You are viewing a plain text version of this content. The canonical link for it is here.
Posted to dev@uima.apache.org by Renaud Richardet <re...@gmail.com> on 2015/08/23 21:40:38 UTC

understanding Ruta's MARFAST's options

Hello,

I am facing some issues with Ruta's MARFAST, and started to digg into the
JUnit tests in order to make sure I understood it right. Below is some
documentation I came up with. I will commit it, but for now I don't quite
understand the second result (T2). Could anyone explain in details what is
going on, Thanks.

-- Renaud


// MARKFAST(T1,...) ignores WS in resources (MarkFastTestList.txt) so

// they 'collapse' to 100 and 200;

// spaces are not retained in Ruta script, so all 3 numerical inputs in

// MarkFastText.txt also collapse to 100, 100, 200 and thus match.

RutaTestUtils.assertAnnotationsEquals(cas, 1, 3, "1 0 0", "100",

"2 0 0");


// MARKFAST(T2,...) does NOT ignore WS in resources, so no resource

// matched (since SPACE are not retained, resources collapse to 100 and

// 200, while input is 1 0 0 and 2 0 0). WHY?!?!?!

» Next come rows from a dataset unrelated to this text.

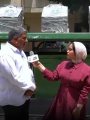 الزميلة مرام محمد خلال حوارها مع  رئيس حي الدقي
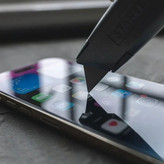 گلس بدون حاشیه بردلس زاینس مناسب برای اپل آیفون iphone 18 Pro Max شیشه ای بسیار با کیفیت بدون حاشیه مشکی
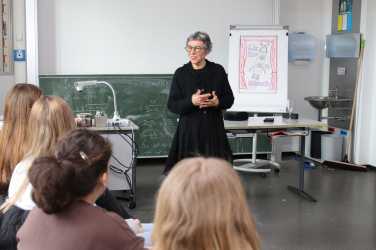 Theater gegen die Sucht: Eine bewegende Reise ins Unbekannte Theater gegen die Sucht: Eine bewegende Reise ins Unbekannte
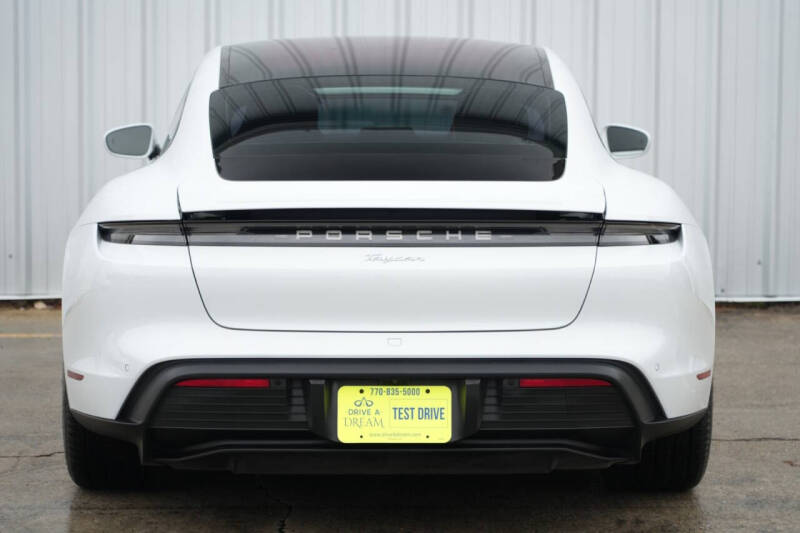2023 Porsche Taycan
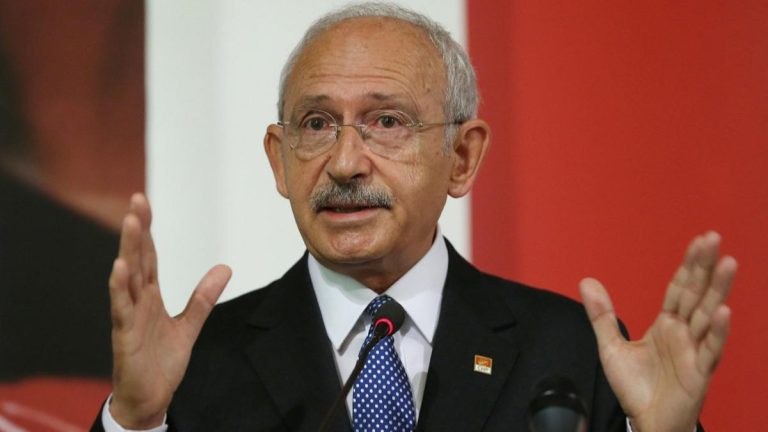 Danışmanın Türk bayrağını kaldırmasına sessiz kalan Kılıçdaroğlu TSK’yı hedef aldı…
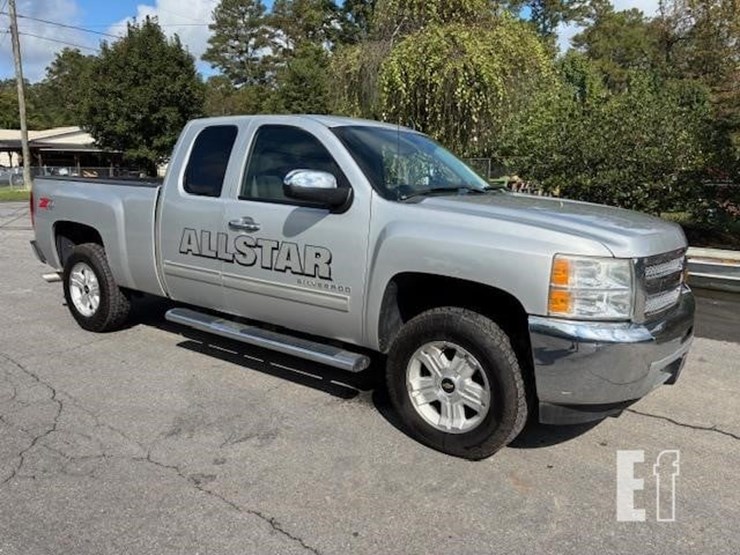 2013-chevrolet-silverado-1500-lt-image-3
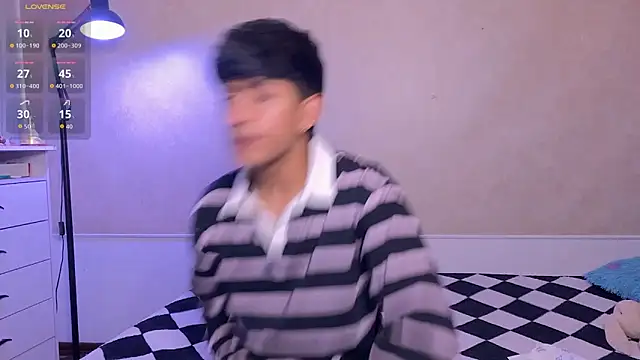 Snapshot of teobowny_ chatting on February 21, 2026, 8:55 pm teobowny online show from February 21, 2026, 8:55 pm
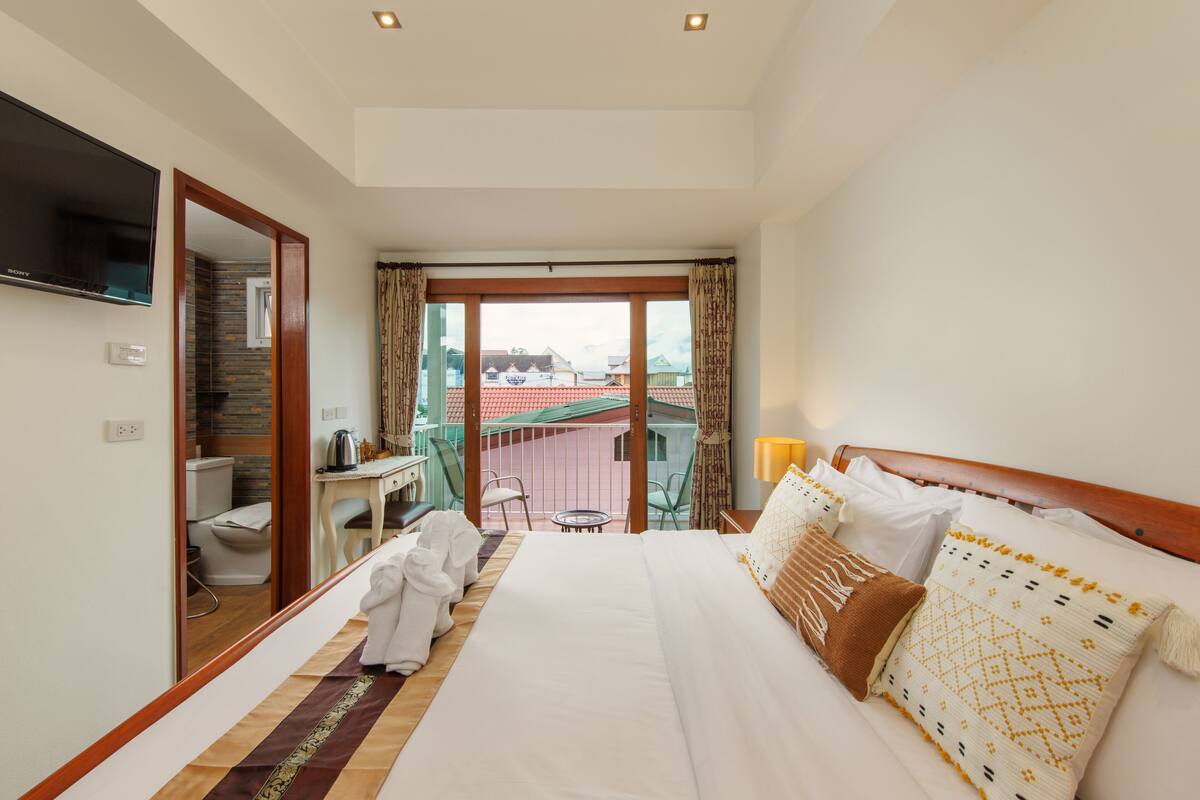 Phòng Tiêu chuẩn, 1 giường cỡ king, không hút thuốc, ban công | Minibar, màn/rèm cản sáng, nôi (giường cho trẻ sơ sinh) miễn phí 
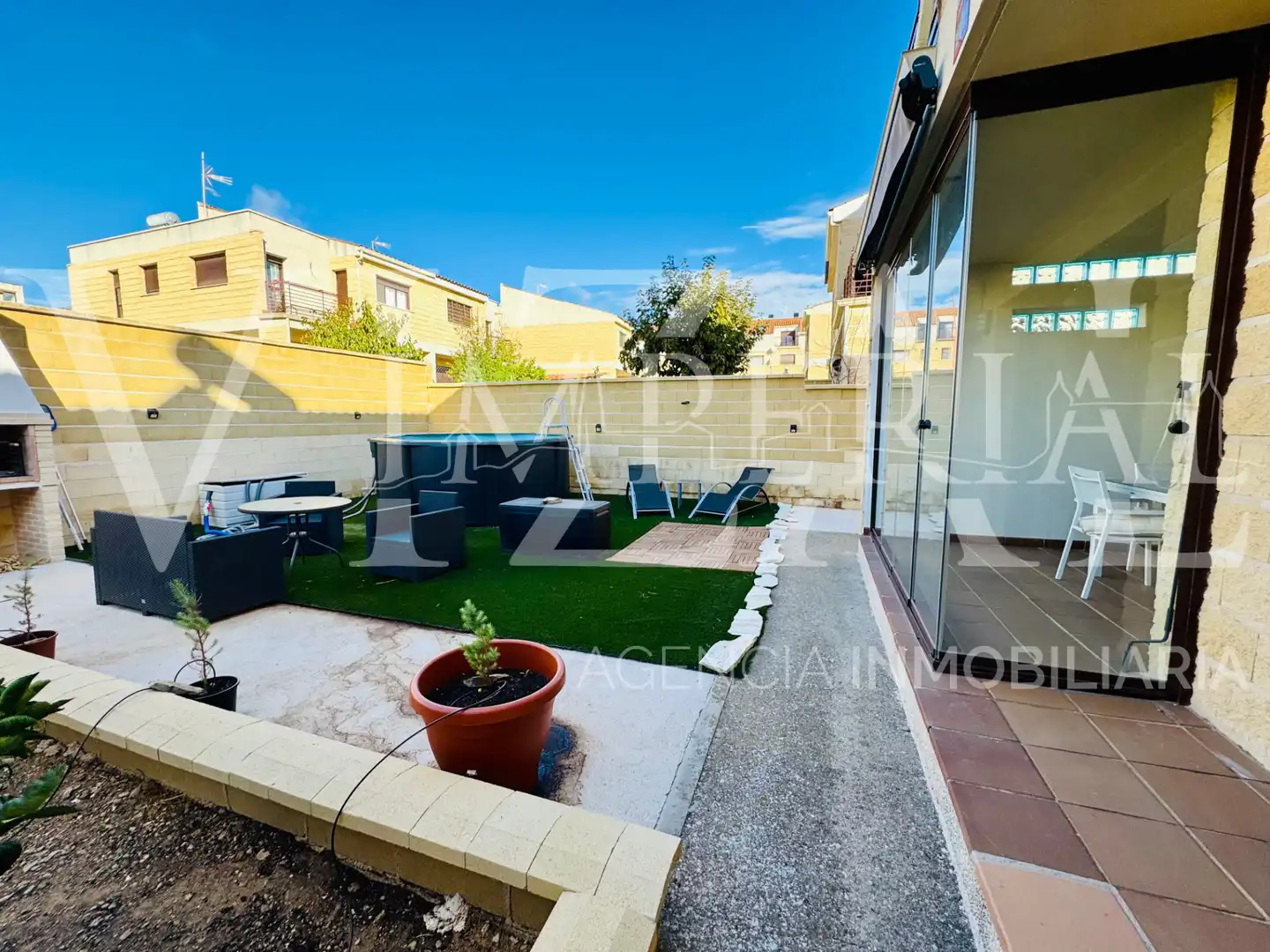 Terrassa de Casa adosada en venda en Noez amb Aire condicionat, Calefacció i Jardí privat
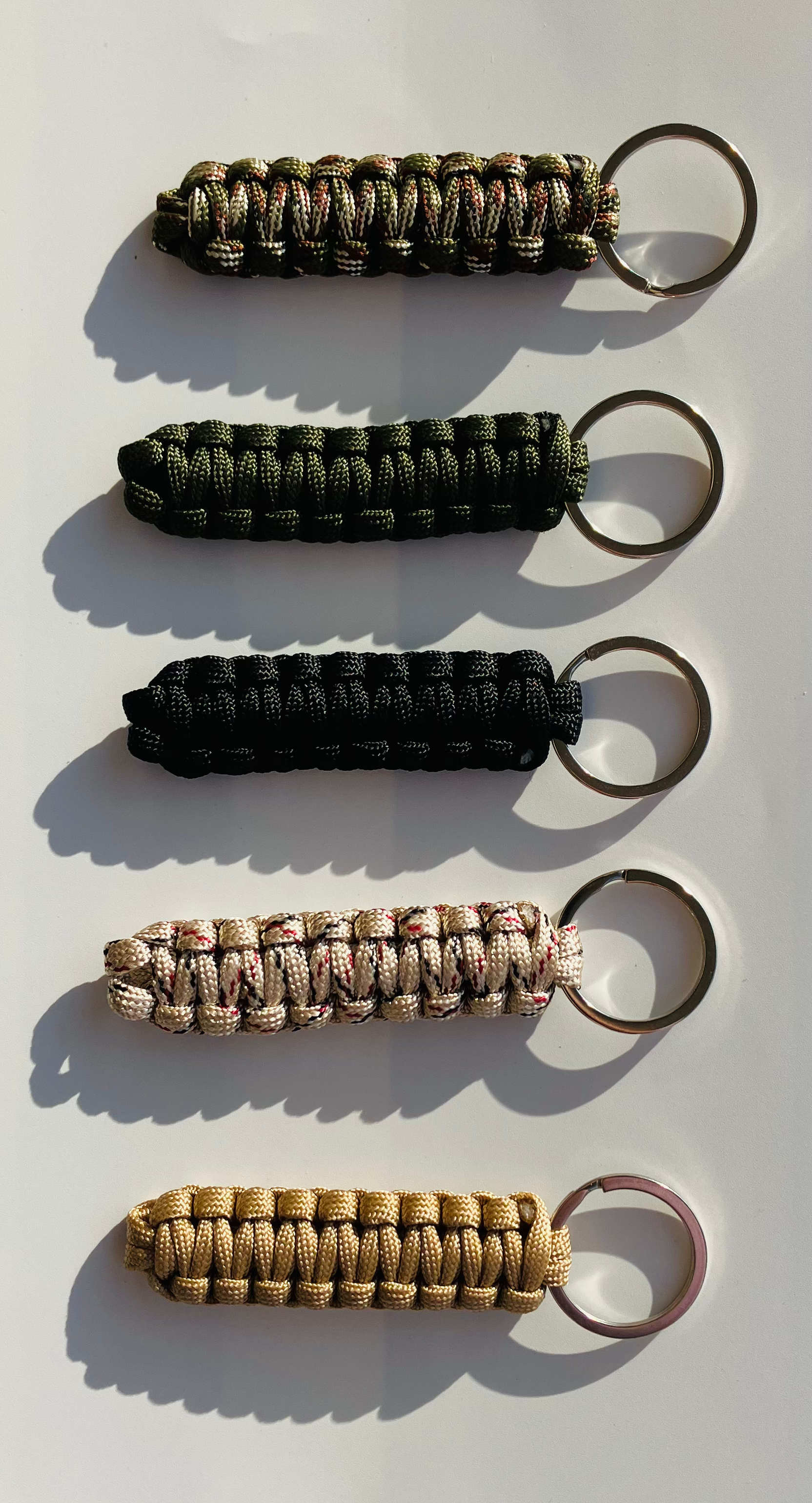 Meerdere TugTools van paracord in neutrale kleuren, ontworpen voor assistentiehonden bij aanleer- en ondersteuningstaken.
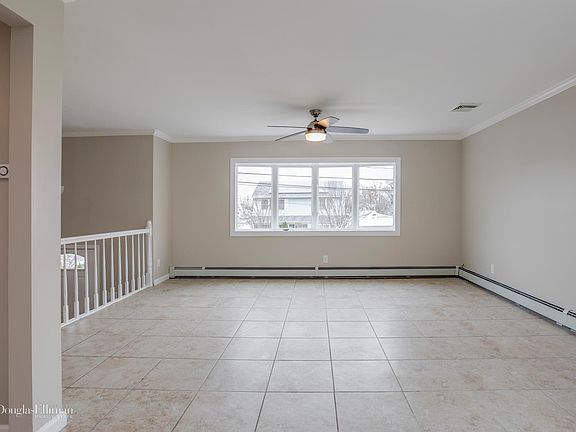 4th image of 2288 Penatiquit Ave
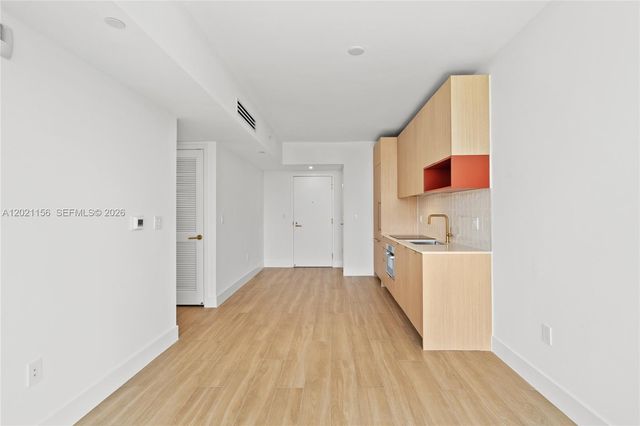 90 NE 32nd St 627, Miami, FL 33137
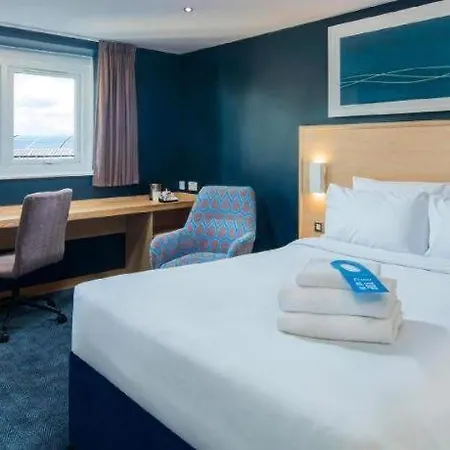 Travelodge Dreghorn Эдинбург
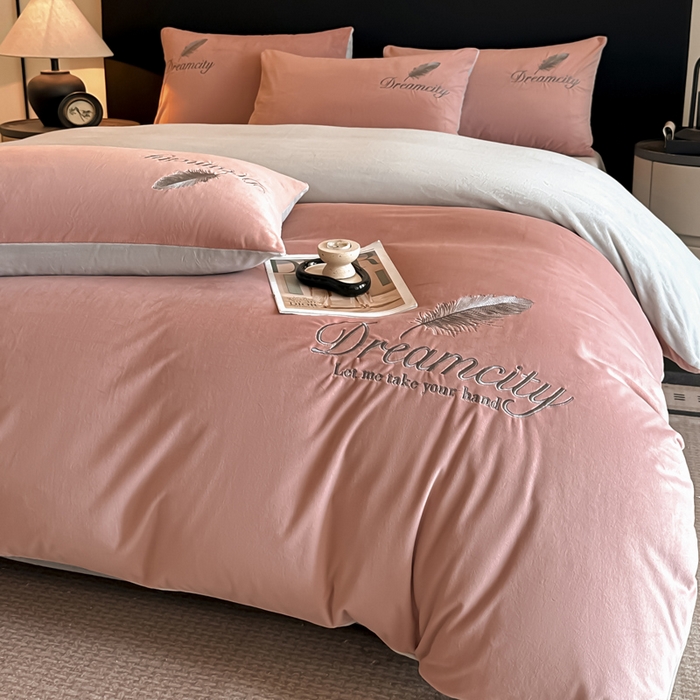 91家纺网 家纺一手货源 找家纺 如一 2025新款水晶绒双拼刺绣四件套轻羽系列-系列二 轻羽-豆沙灰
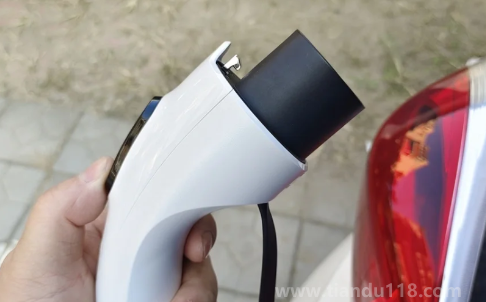 公牛新能源隨車充怎么樣（公牛隨車充評(píng)測(cè)）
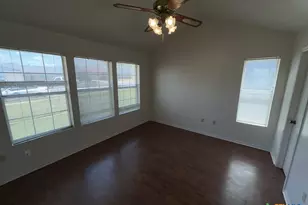 215 Robertstown Rd, Copperas Cove, TX 76522 - Photo 9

RutaTestUtils.assertAnnotationsEquals(cas, 2, 0);


// from now on, SPACE are retained


// MARKFAST(T3,...) space retained in input, but we ignore WS in resources

// Thus 1 0 0 and 100 are identical and get matched 1 time;

// The resource 2 0 0 gets collapsed to 200 and does not match

// the inputs ('1 0 0' or '2 0 0').

RutaTestUtils.assertAnnotationsEquals(cas, 3, 1, "100");


// T4 space retained in input and WS "retained" in resources,

// so 2 'exact' matches (not 100 match)

RutaTestUtils.assertAnnotationsEquals(cas, 4, 2, "1 0 0", "2 0 0");

Re: understanding Ruta's MARFAST's options

Posted by Peter Klügl <pe...@averbis.com>.
Hi,

a short summary (maybe for other to follow the problem):

The input text is something like "1 0 0 \n aaaaa \n 100 \n bbbbb \n ....".
The wordlist list1 is something like  "1 0 0 \n 2 0 0"
The rule is: MARKFAST(T2, list1, false, 0, false);
... skipWhiteSpaces (last argument) is deactivated and the rule is
applied using the default filtering setting. In the underlying analysis
engine, the parameter dictRemoveWS is set to false.
The result: no annotations of the type T2 are created.

Ok, here's what happens:

- dictRemoveWS is false, therefore the created trie in the tree word
list contains nodes for the whitespaces. The trie has two root nodes (1
and 2) each followed by a node with a space
- the filtering setting is the default one, therefore the spaces are
invisible and the dictionary lookup in the MARKFAST action sees only
strings like "100", but none with spaces like "1 0 0".
- skipWhiteSpaces is deactivated and therefore, if a node in the trie
lookup contains a space (as it happens to be), then it is not skipped
but we try to match it. This fails for the given input because there are
no spaces.
- as a result, no matches are found for this word list and the
configuration/filtering.


Best,

Peter


Am 23.08.2015 um 21:40 schrieb Renaud Richardet:
> Hello,
>
> I am facing some issues with Ruta's MARFAST, and started to digg into the
> JUnit tests in order to make sure I understood it right. Below is some
> documentation I came up with. I will commit it, but for now I don't quite
> understand the second result (T2). Could anyone explain in details what is
> going on, Thanks.
>
> -- Renaud
>
>
> // MARKFAST(T1,...) ignores WS in resources (MarkFastTestList.txt) so
>
> // they 'collapse' to 100 and 200;
>
> // spaces are not retained in Ruta script, so all 3 numerical inputs in
>
> // MarkFastText.txt also collapse to 100, 100, 200 and thus match.
>
> RutaTestUtils.assertAnnotationsEquals(cas, 1, 3, "1 0 0", "100",
>
> "2 0 0");
>
>
> // MARKFAST(T2,...) does NOT ignore WS in resources, so no resource
>
> // matched (since SPACE are not retained, resources collapse to 100 and
>
> // 200, while input is 1 0 0 and 2 0 0). WHY?!?!?!
>
> RutaTestUtils.assertAnnotationsEquals(cas, 2, 0);
>
>
> // from now on, SPACE are retained
>
>
> // MARKFAST(T3,...) space retained in input, but we ignore WS in resources
>
> // Thus 1 0 0 and 100 are identical and get matched 1 time;
>
> // The resource 2 0 0 gets collapsed to 200 and does not match
>
> // the inputs ('1 0 0' or '2 0 0').
>
> RutaTestUtils.assertAnnotationsEquals(cas, 3, 1, "100");
>
>
> // T4 space retained in input and WS "retained" in resources,
>
> // so 2 'exact' matches (not 100 match)
>
> RutaTestUtils.assertAnnotationsEquals(cas, 4, 2, "1 0 0", "2 0 0");
>